Fast food is cheap, convenient, filling, and to many of us it tastes good.
Unfortunately, eating just one fast food meal can pack enough calories, sodium, and fat for an entire day or more. Eating fast food on a regular basis can lead to a host of different health problems. Still, the quick-and-cheap temptation can often be hard to resist. As an informed customer, you can make healthier choices and still enjoy the price and convenience of fast food restaurants.

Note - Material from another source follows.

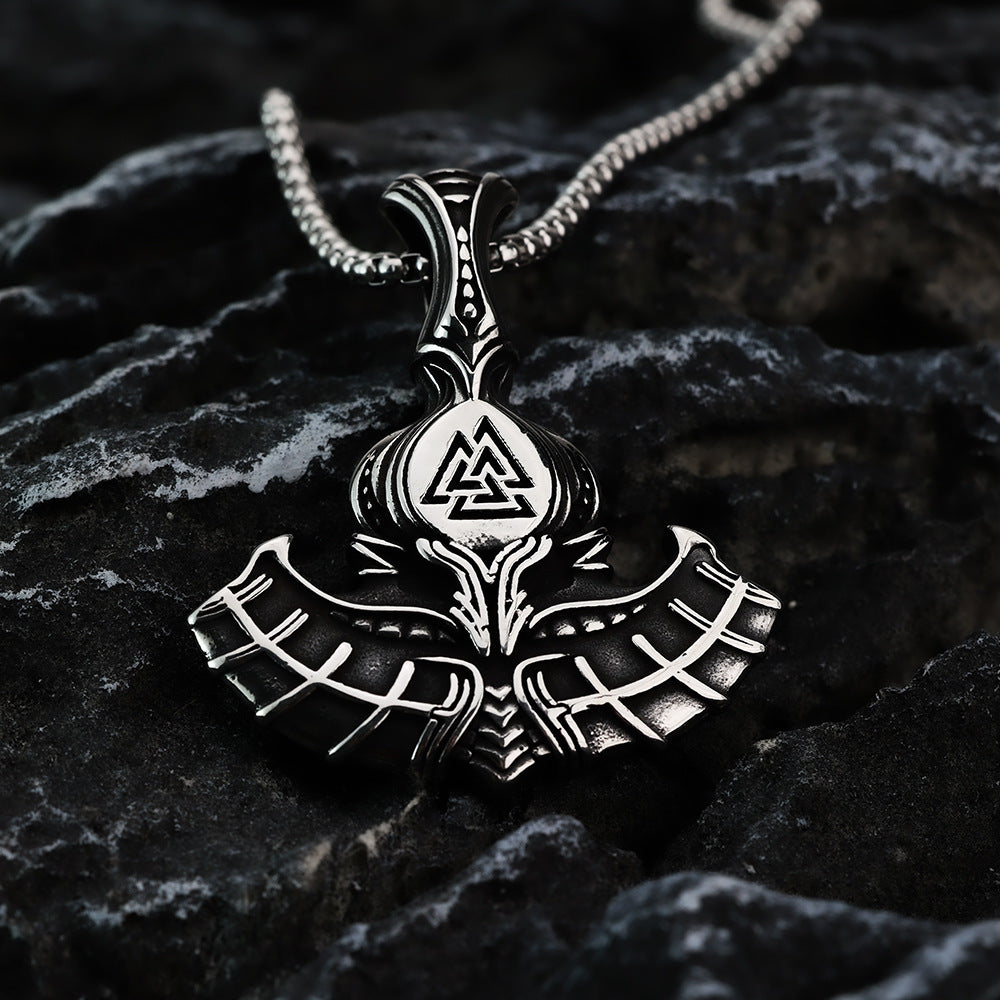 Planderful Triangular Dragon Viking Rune Axe Pendant For Men Bold Stainless Steel Necklace Norse Heritage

When is it healthy to eat fast food?
The short answer is: rarely. Typically, fast food is low in nutrition and
high in trans fat, saturated fat, sodium, and calories. Some examples:
- One sack of “hash bites” or “potato snackers” from White Castle, for
example, contains 10 grams of very unhealthy trans fat. The American Heart
Association recommends we consume less than 2 grams of trans fat per day. So in
one side order, you’ve just eaten more than five days’ worth of heart-busting
- A single meal of a Double Whopper with cheese, a medium order of fries, and
an apple pie from Burger King contains more saturated fat than the American
Heart Association recommends we consume in two days.
Learning to make healthier choices at fast food restaurants.
Making healthier choices at fast food restaurants is easier if you prepare
ahead by checking guides that show you the nutritional content of meal choices
at your favorite restaurants. Free downloadable guides help you evaluate your
options. If you have a special dietary concern, such as diabetes, heart health
or weight loss, the websites of national non-profits provide useful advice. You
can also choose to patronize restaurants that focus on natural, high quality food.
If you don’t prepare ahead of time, common sense guidelines help to make
your meal healthier. For example, a seemingly healthy salad can be a diet
minefield when smothered in high-fat dressing and fried toppings, so choose a
salad with fresh veggies, grilled toppings, and a lighter dressing. Portion
control is also important, as many fast food restaurants serve enough food for
several meals in the guise of a single serving.
Tips for making healthy choices at fast food restaurants
- Make careful menu selections – pay attention to the descriptions on
the menu. Dishes labeled deep-fried, pan-fried, basted, batter-dipped,
breaded, creamy, crispy, scalloped, Alfredo, au gratin, or in cream sauce are
usually high in calories, unhealthy fats, or sodium. Order items with more
vegetables and choose leaner meats.
- Drink water with your meal. Soda is a huge source of hidden
calories. One 32-oz Big Gulp of regular cola packs about 425 calories, which
can quickly gulp up a big portion of your daily calorie intake. Try adding a
little lemon to your water or ordering unsweetened iced tea.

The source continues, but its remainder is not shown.